Life has definitely dealt mum a handful of rough blows, but she's battled each one with a sense of grace and dignity that I'd never be able to muster even if I was in a ballgown and stilettos. She has smiled through the joyful moments, and waltzed through the unbearable hurdles that mask themselves as surprises in life. I often wondered how she did it, but as I'm getting older, a lot of things about her are starting to make sense.
When I was a child, I wanted to protect her from all the bad in the world. As a teenager, I was revealed a set of truths that came as a blow, and I was in a constant state of confusion about family matters. I was angry one minute, happy the next, a bucket of nerves after that, and then angry all over again.
In my early 20s I began to find peace, and started to look at my mum in a new light. I'd seen all she had been through, and watched in awe as she continued to coast through life with the grace of a flower pushed around in the wind. A part of me envied her ability to let go of the past and move on. And I remember wondering if I'd ever get to that point.
Change can change you
Moving away from her and across the planet just after my 24th birthday was a huge shift in our relationship. Suddenly our spheres were separated, and we started becoming friends. For a year we talked on the phone twice a week, and e-mailed almost every day. We had things to tell each other that didn't circle around family matters and overdone issues. I started to see sides to my mother that I'd never experienced before. And I continued to grow in awe.
Coming home soon after turning 25 also marked a change. I'd grown a lot in the year away, and I started to view the world differently. Suddenly I found myself listening... for the most part anyway. There was a sense of clarity that wasn't there before, and a lot of the decisions that confused me in the past began to seem like the perfect choices.
Those days that my mother talked about when she'd say, "One day you'll understand..." are finally here. And now I find myself saying, "You're right..." a lot more. Not all the time, but definitely a lot more.
So to bring it back around to the question at the top of this post, I should say I see a lot of her traits in me... her strength, her resilience, her ability to move forward. And I'd be lucky if I make it to her age with half the grace and composure she has.

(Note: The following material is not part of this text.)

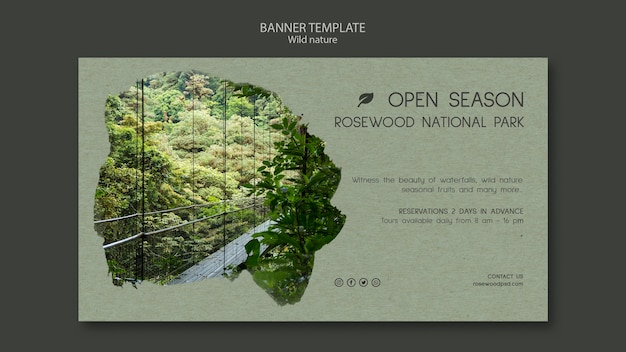Modèle de bannière de parc national en bois de rose avec forêt et lac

Then, there's the downside as well... her stubbornness and her ability to give people the benefit of the doubt when she should really tell them to go... suck on a lemon... or something.
I also inherited my mother's need for a cup of tea in the morning before anyone dares to have a conversation with her (or me). Rinse and repeat in the evening.
All in all, I'm learning that as time goes by, I truly am my mother's daughter. And I'm so much richer for it.
I hope you all take a moment this weekend to tell your mums, grandmas and other motherly figures in your life about how much they've impacted you. And then, make a promise to yourself to try and do this as often as you can moving forward.
Happy Mother's Day, Ma! Love you as much as you love that pasta with the spicy peppers right now. I know it will never compare... but you get the idea!